Pictures with short captions

____

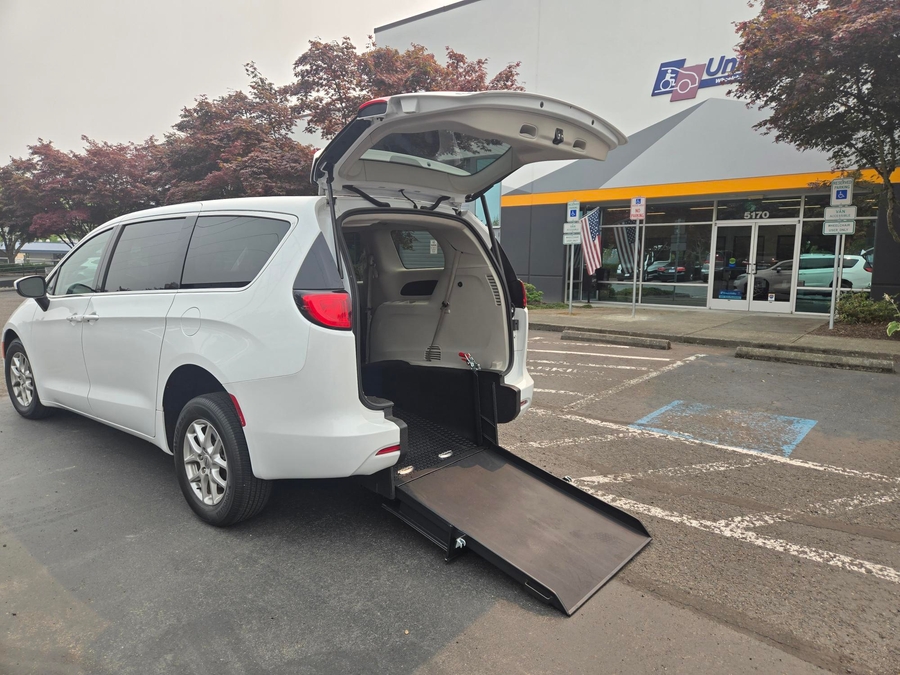 Used 2023 Chrysler Voyager LX - ATS Commercial Rear Entry Fold Out Manual Ramp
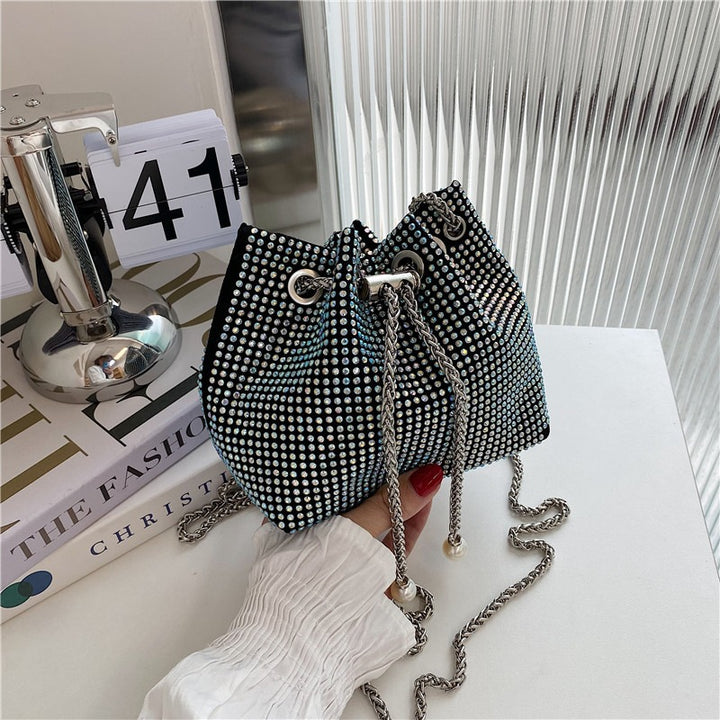 Damen Glamouröse Beuteltasche mit Strassverzierung Nord Taschen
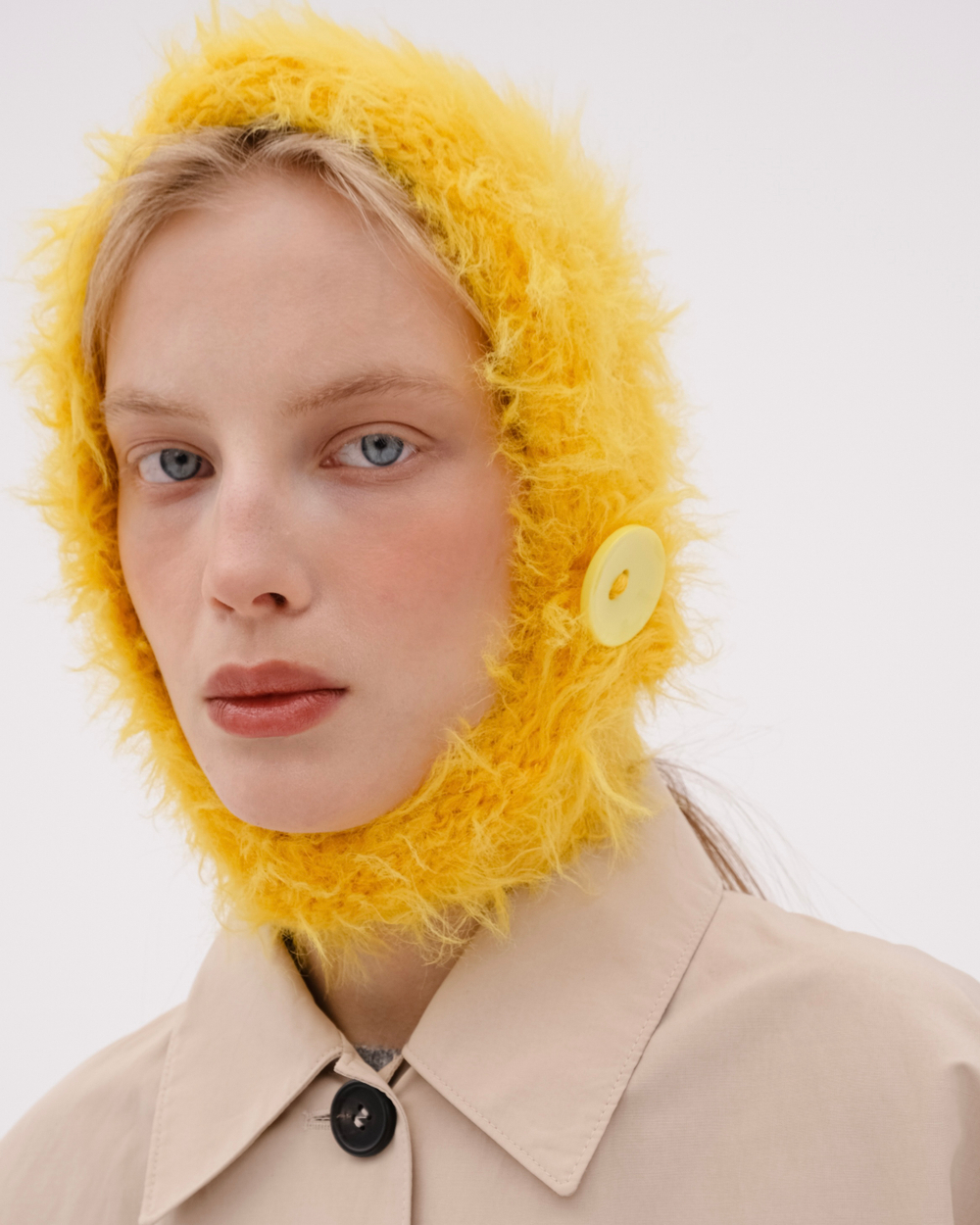 Вязаный чепчик Лимончик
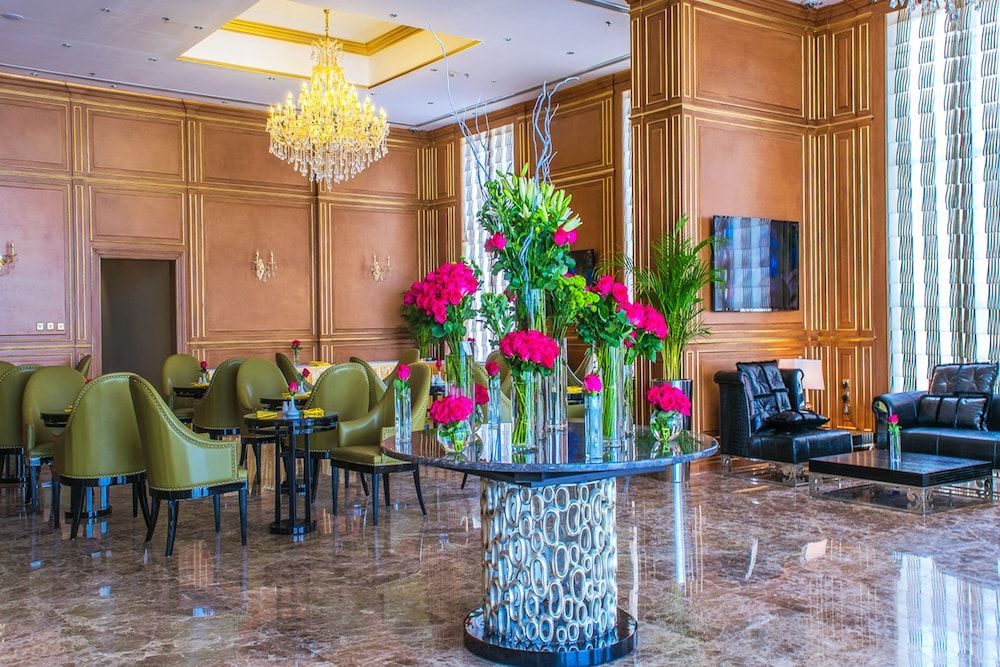 undefined Strato Hotel by Warwick 9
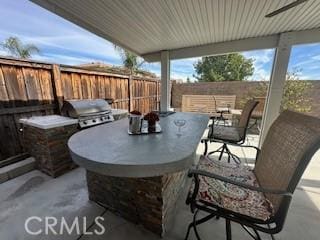 view of patio with an outdoor kitchen and grilling area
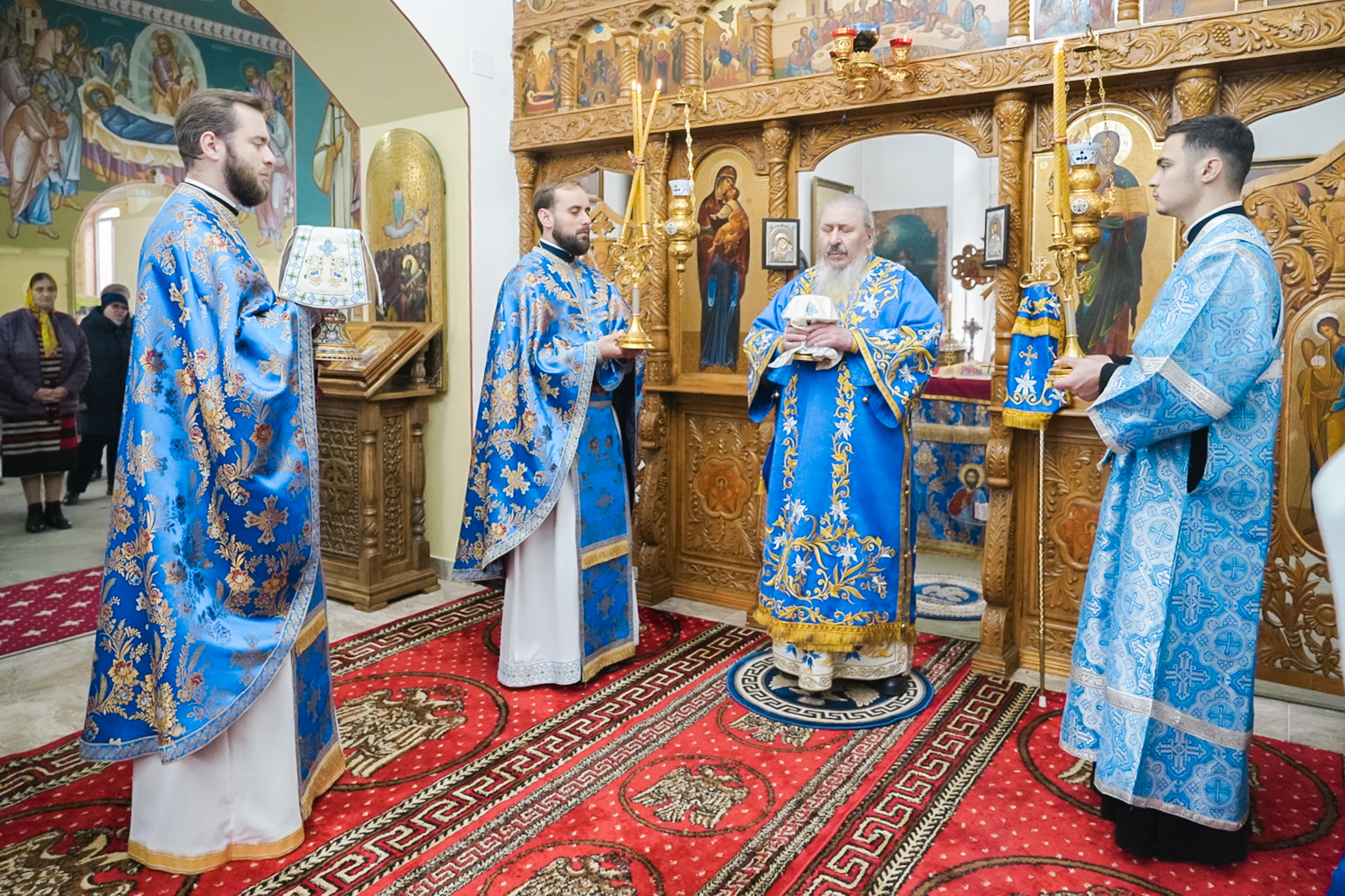 Praznicul Intrării în Biserică a Maicii Domnului, prilej de rugăciune și pace sufletească la Paraclisul Mitropolitan din Chișinău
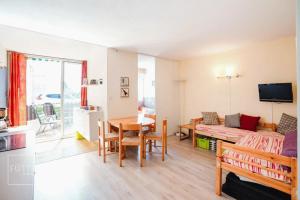 Picture of listing #330540425. Appartment for sale in Narbonne Plage
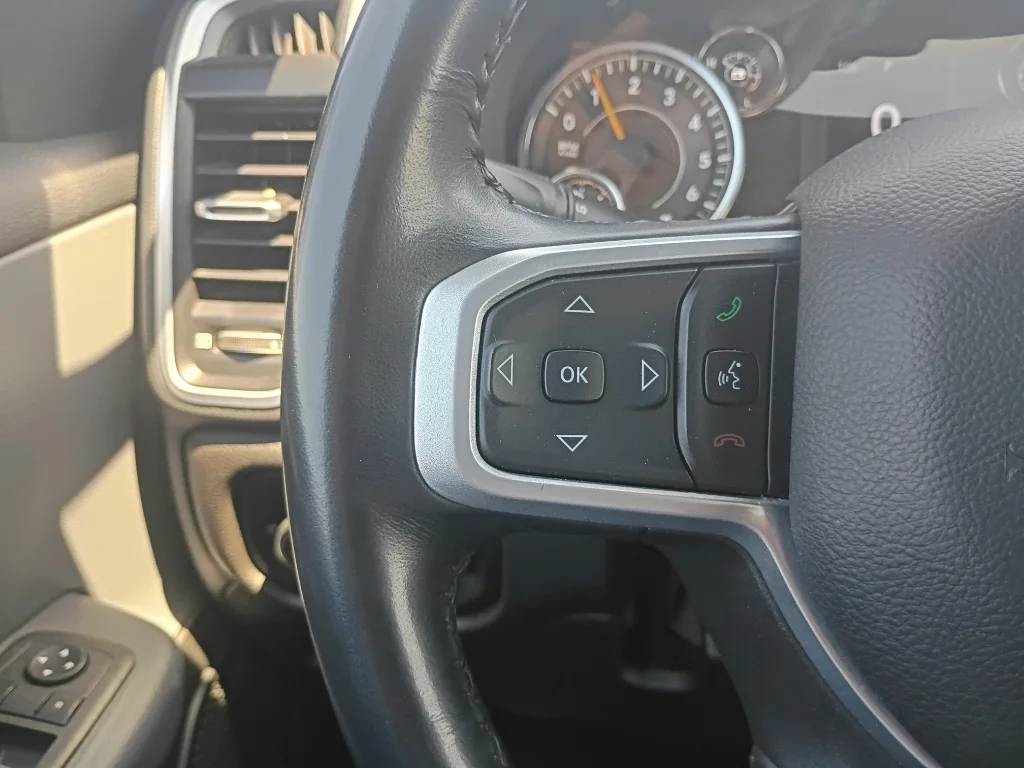 Used 2022 Bright White Clearcoat Ram Big Horn image 33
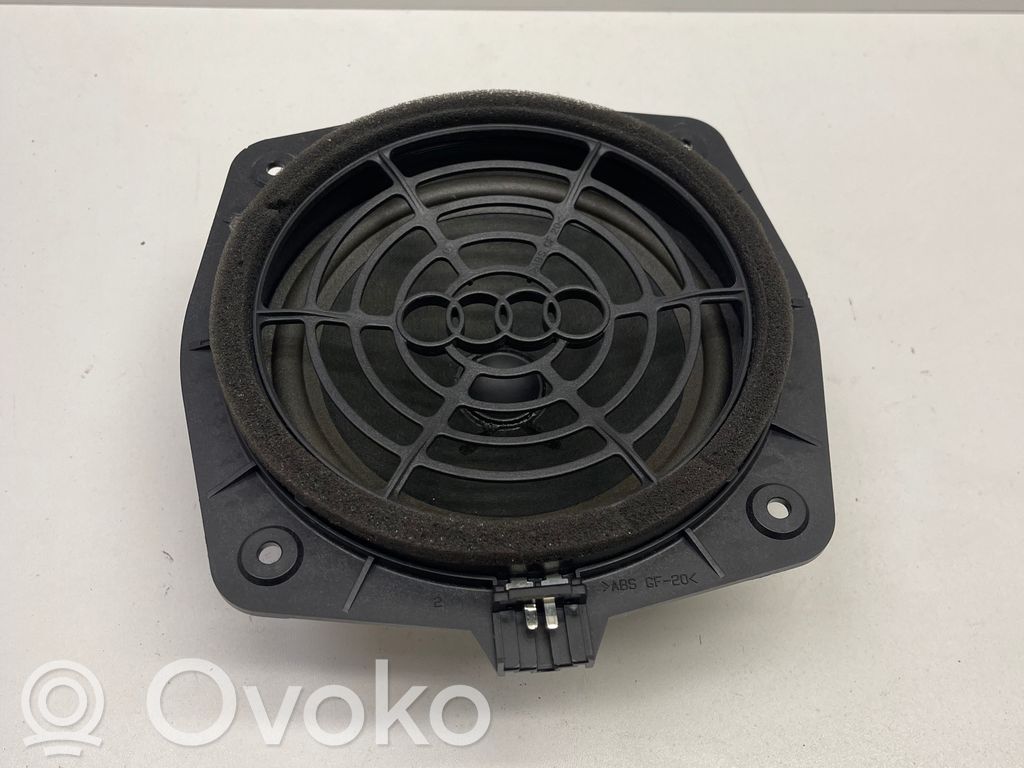 Audi TT TTS Mk2 Altavoz de la puerta trasera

____

◆ Task directions
Now transcribe all the entries above exactly, so that no picture is carried over.

◆ Response area
 Used 2023 Chrysler Voyager LX - ATS Commercial Rear Entry Fold Out Manual Ramp
 Damen Glamouröse Beuteltasche mit Strassverzierung Nord Taschen
 Вязаный чепчик Лимончик
 undefined Strato Hotel by Warwick 9
 view of patio with an outdoor kitchen and grilling area
 Praznicul Intrării în Biserică a Maicii Domnului, prilej de rugăciune și pace sufletească la Paraclisul Mitropolitan din Chișinău
 Picture of listing #330540425. Appartment for sale in Narbonne Plage
 Used 2022 Bright White Clearcoat Ram Big Horn image 33
 Audi TT TTS Mk2 Altavoz de la puerta trasera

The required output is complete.